Of course, the invention is not limited to the embodiments described, which have been chosen only by way of example.

Claims

1. Lubricating composition, characterized in that it consists of a suspension in water of a mixture of phospholipids and a basic mineral or organic compound.

2. Composition according to claim 1, characterized in that it is constituted, on the basis of the total weight of the composition, of:

- 5 to 40% by weight of phospholipids - 5 to 40% by weight of the basic compound

- 90 to 20% by weight of water.

3. Composition according to any one of claims 1 and 2, characterized in that the phospholipids are present in the form of lecithin.
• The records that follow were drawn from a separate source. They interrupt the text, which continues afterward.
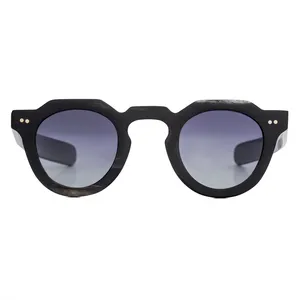 ออกแบบใหม่คลาสสิกHornแว่นตากันแดดCustom CR39 Polarizedเลนส์Dark Buffalo Hornแว่นตา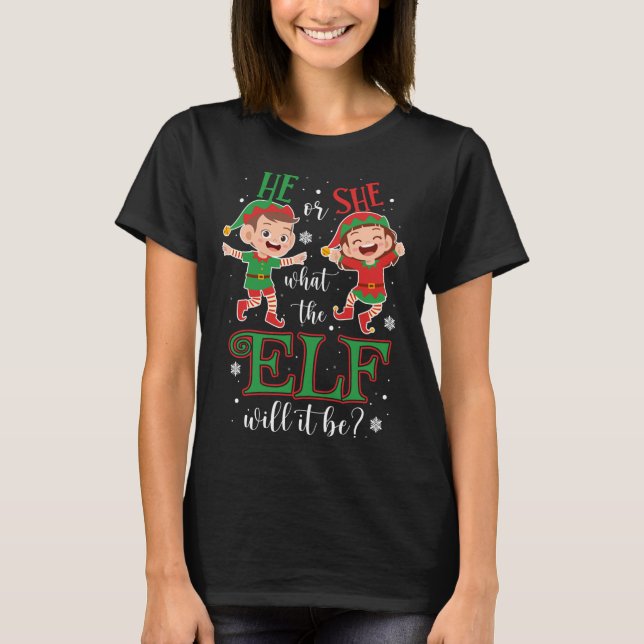 T-shirt Le genre de Noël révèle ce que l'elfe veut (Devant)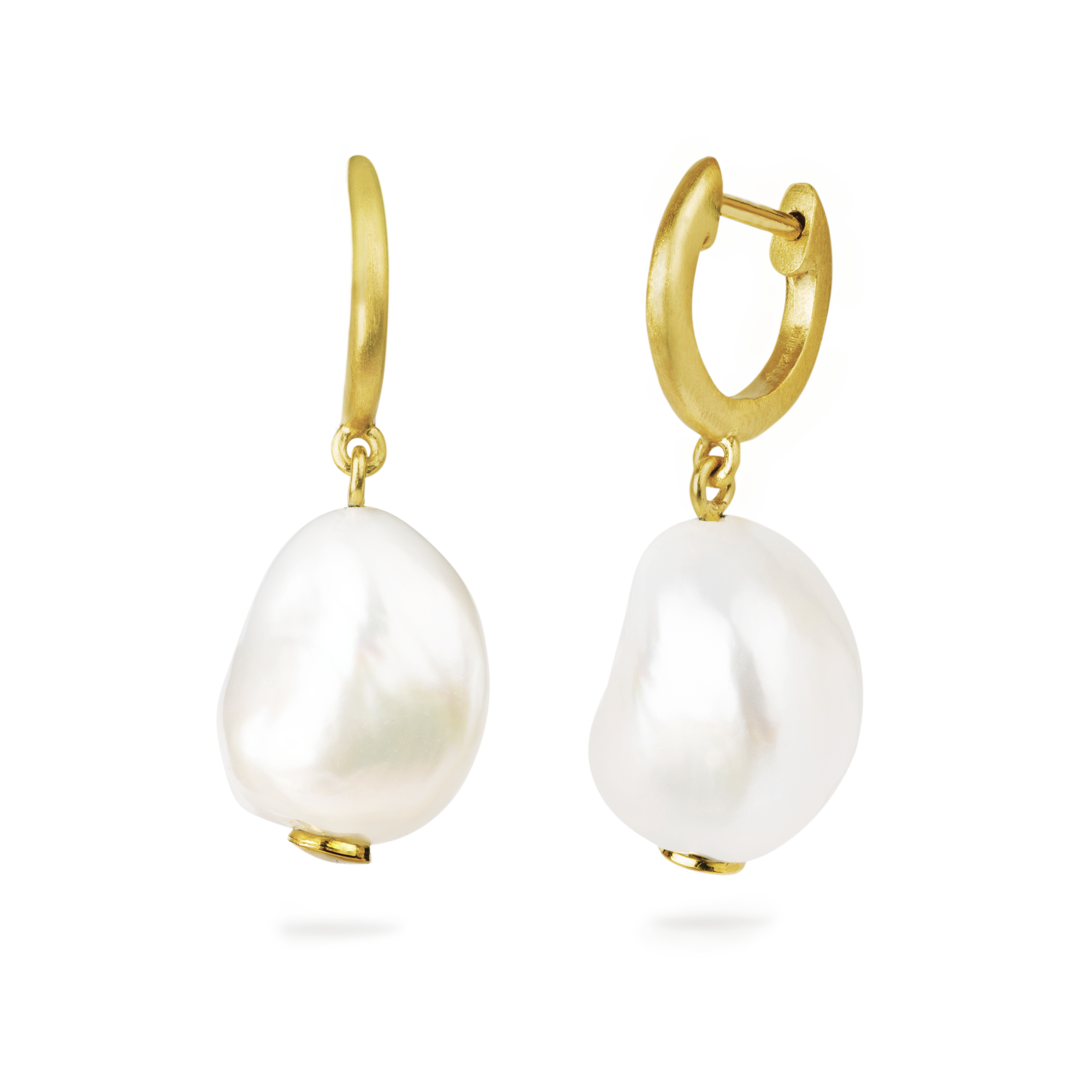 Bybiehl Aura Grande Hoop Med Ferskvandsperle 1511 - Bybiehl Øreringe  - 1233690164762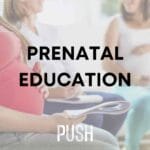 pregnant person holding booklet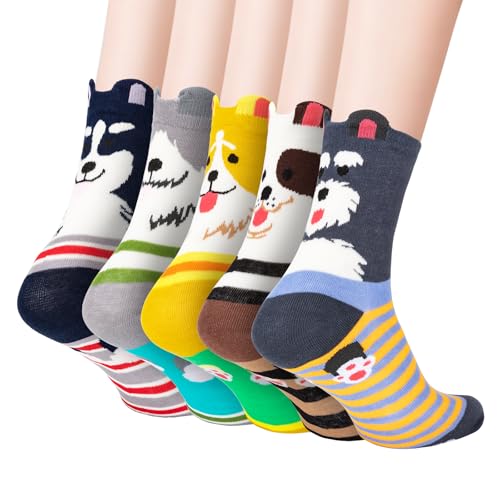 MagicQCraft 5 pares de calcetines para mujer, divertidos y lindos animales, calcetines de gato y perro, regalos para mujer, talla única, Colorido., 4-8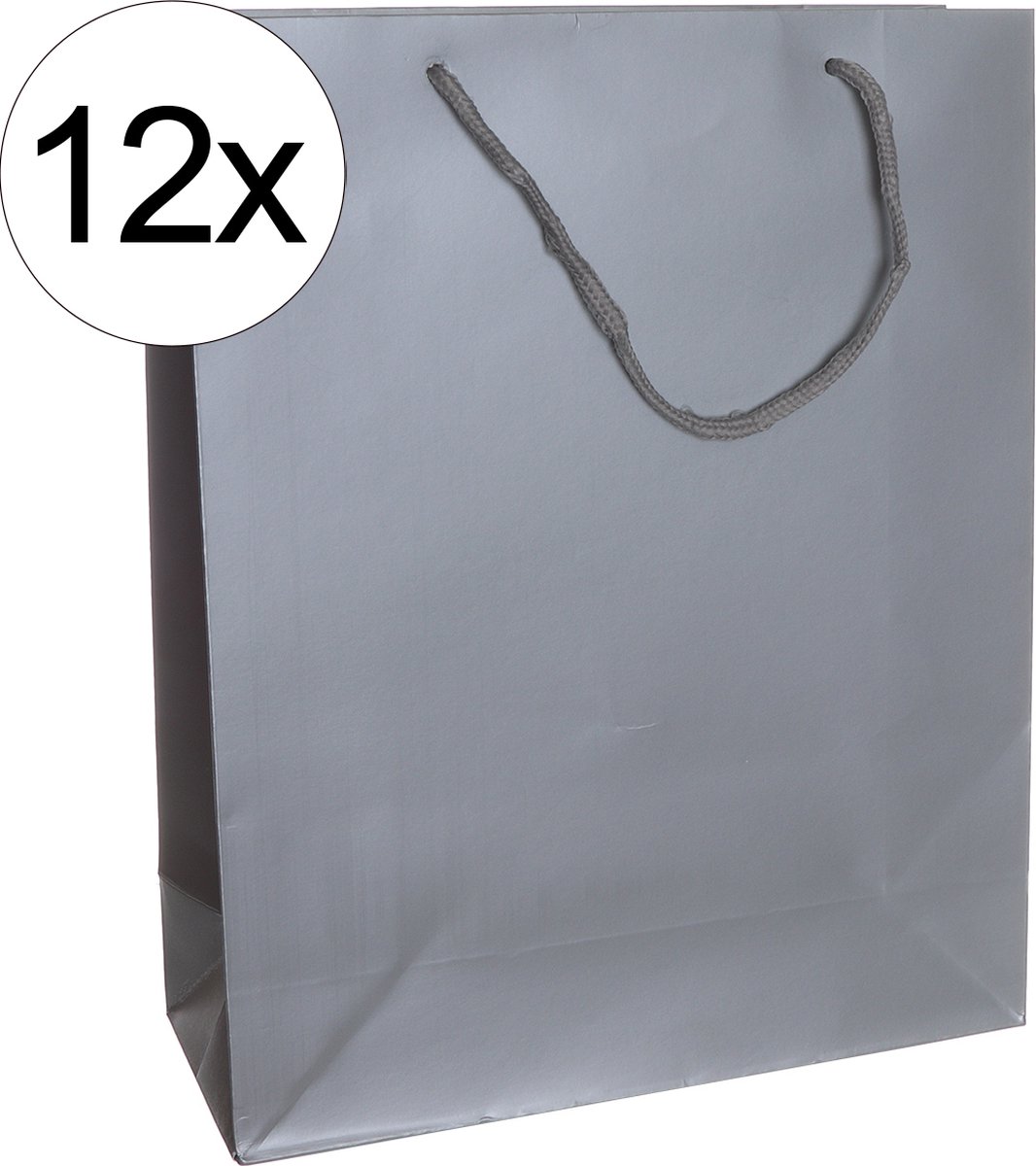 12st. stevige draagtassen papier (26x32x10)cm zak cadeautasje gift bag verpakking gedraaid koord greep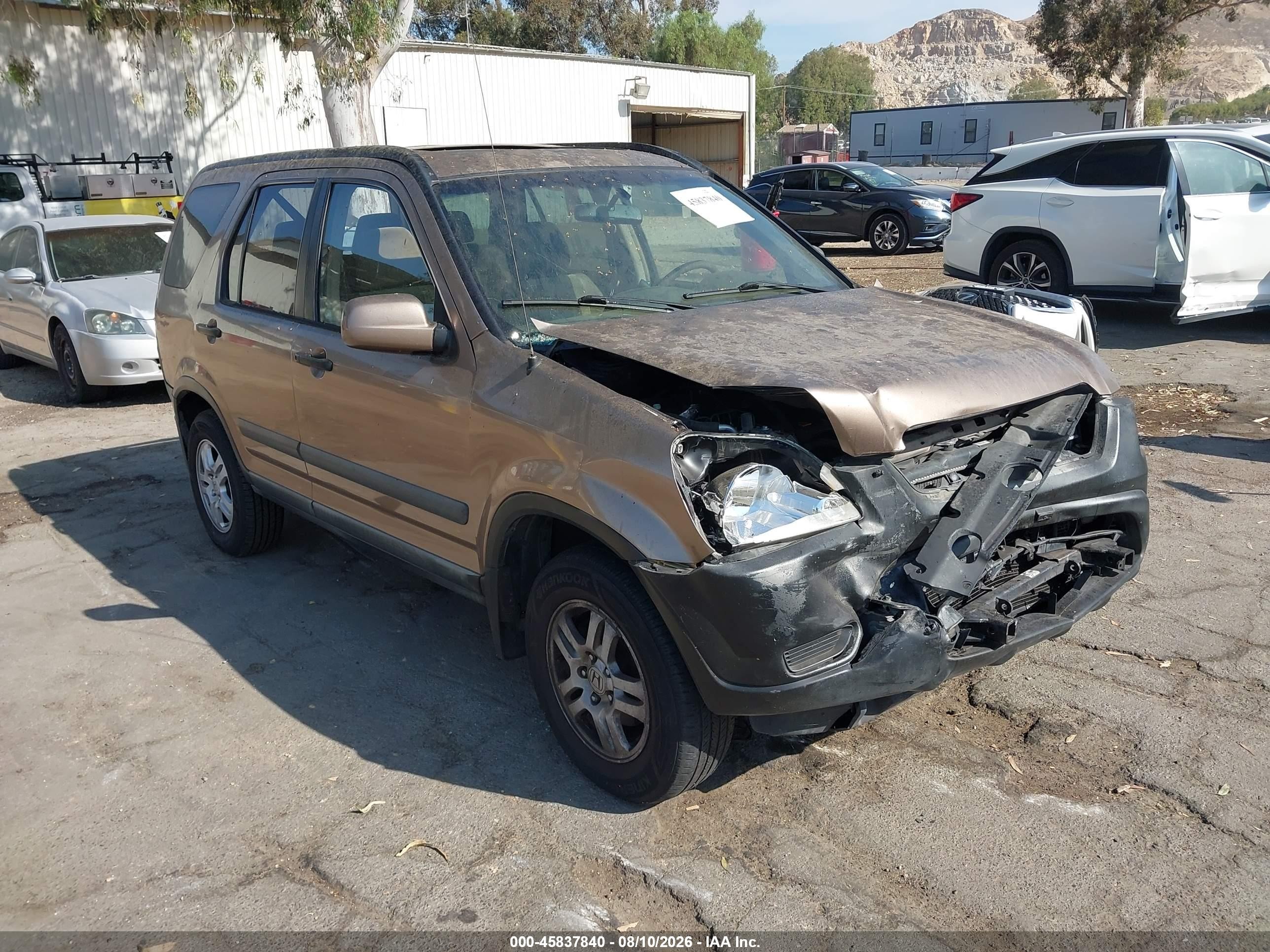 2003 Honda Cr-v Ex Champagne vin: JHLRD78863C016059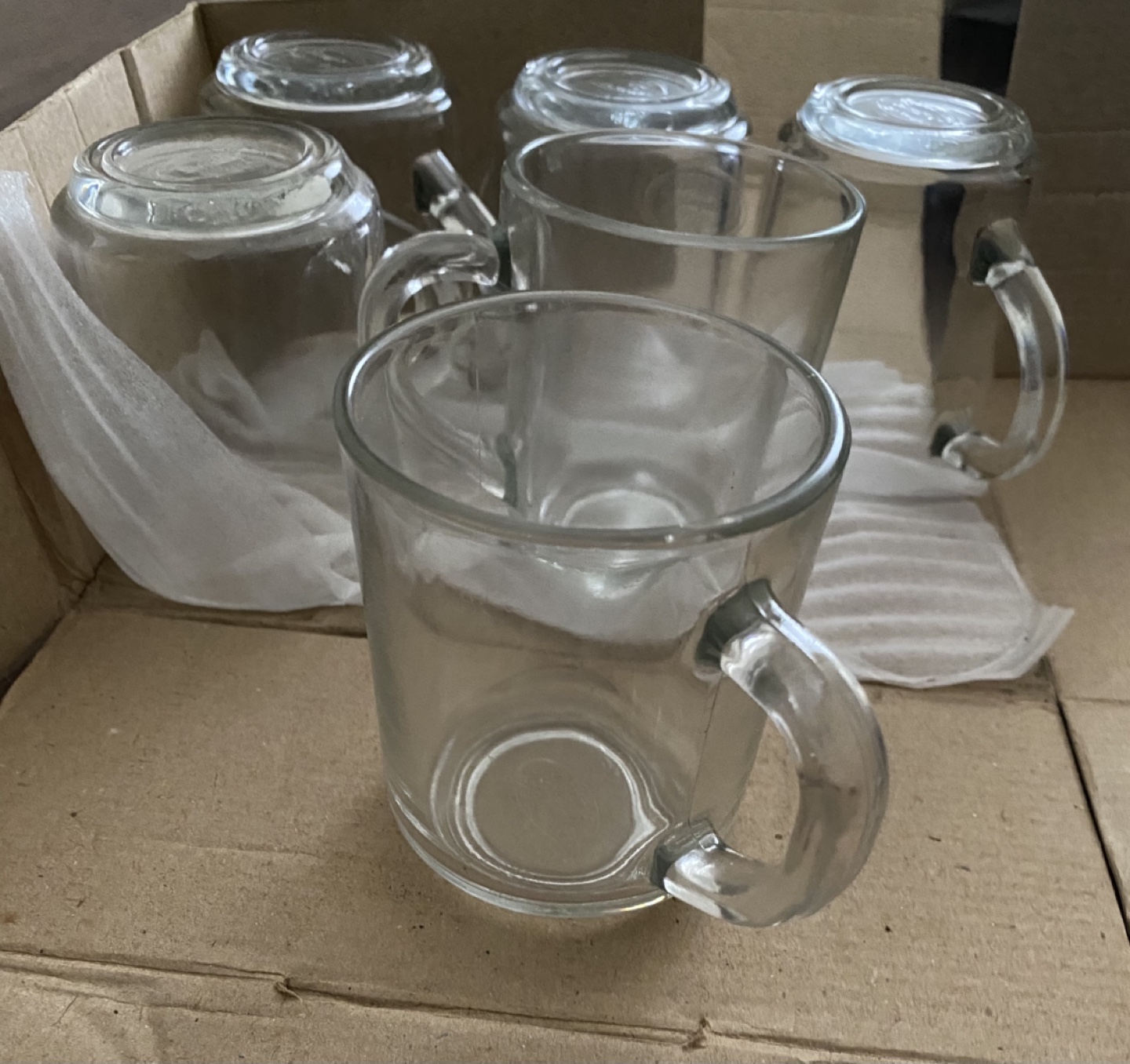 Set of six clear glass Tea cups/mugs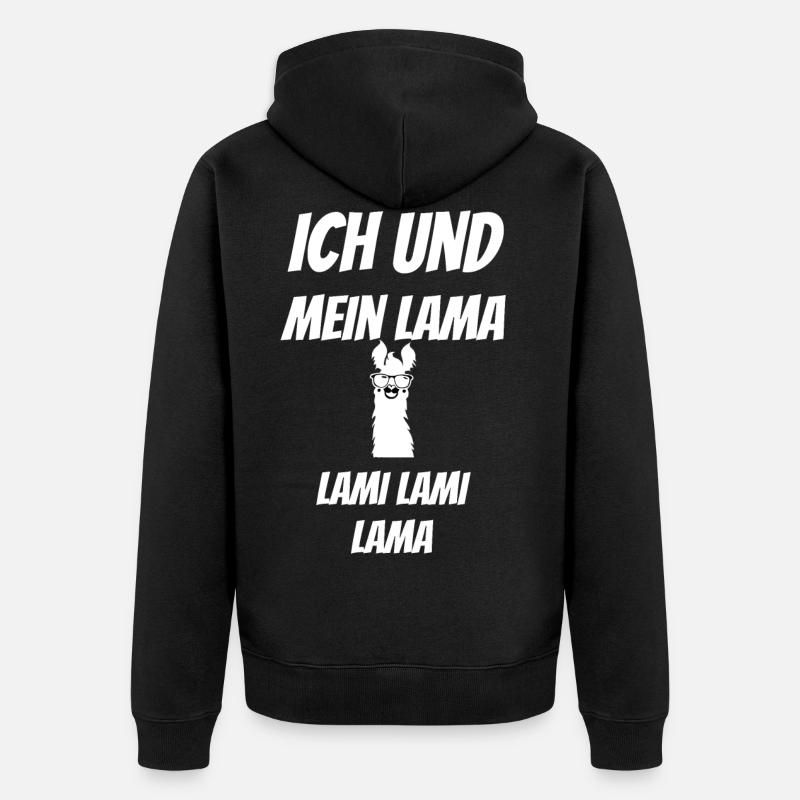 Moi et mon lama - Veste à capuche bio Premium Unisexe - noir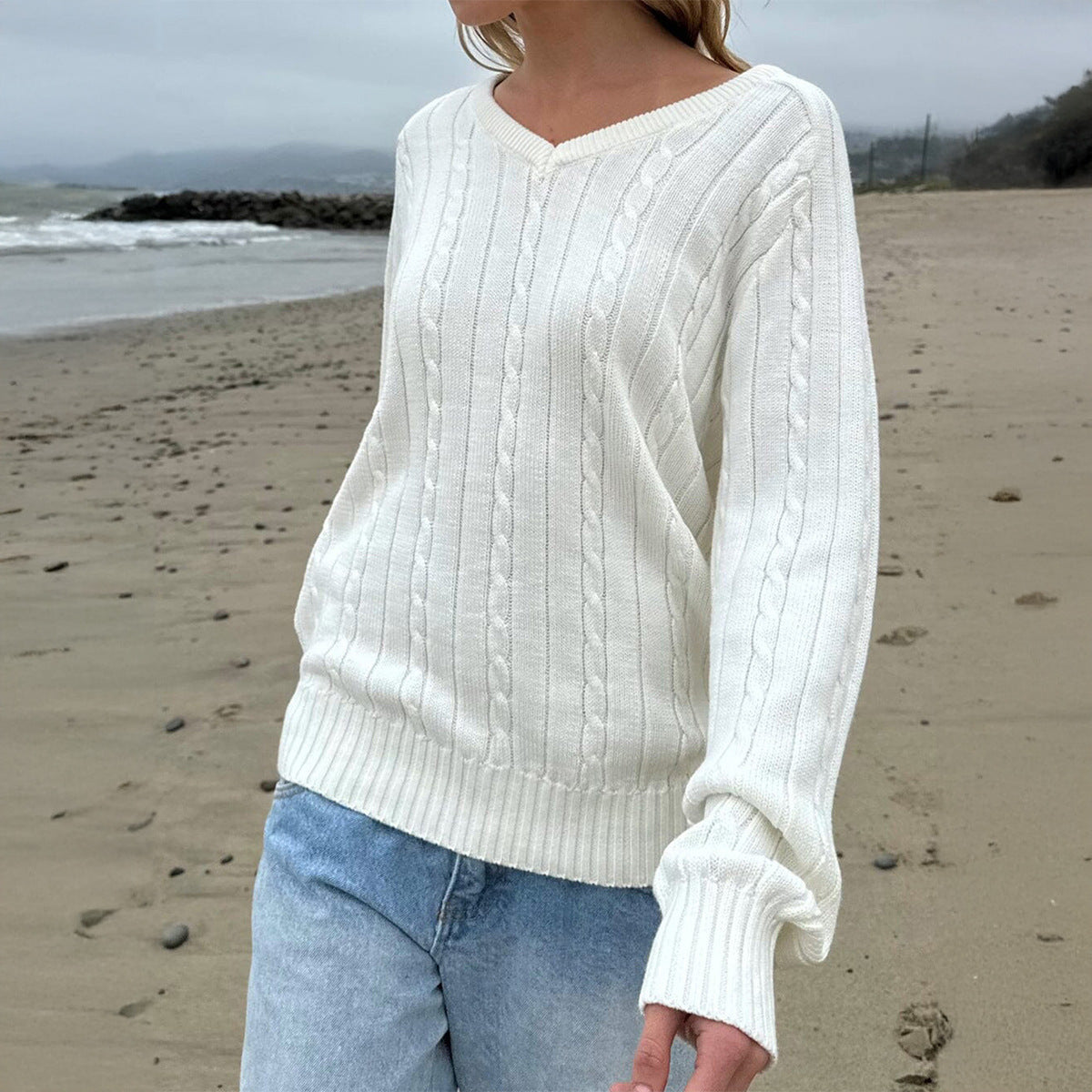 Casual Solid Color Base Sweater Woolen Women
4. Composition according to any one of claims 1 to 3, characterized in that the lecithin is soy lecithin.

5. Composition according to any one of claims 1 to 4, characterized in that the basic compound is at least partially in suspension.

6. Compo_.ition according to any one of claims 1 to 5, characterized in that the basic compound is an amine or an amine derivative.

7. Composition according to any one of claims 1 to 5, characterized in that the basic compound is a hydroxide of a metal from group lia of the periodic table of the elements.

8. Composition according to any one of the preceding claims, characterized in that it further comprises an acid, for neutralizing the alkalinity of the basic compound after its interaction with the phospholipids.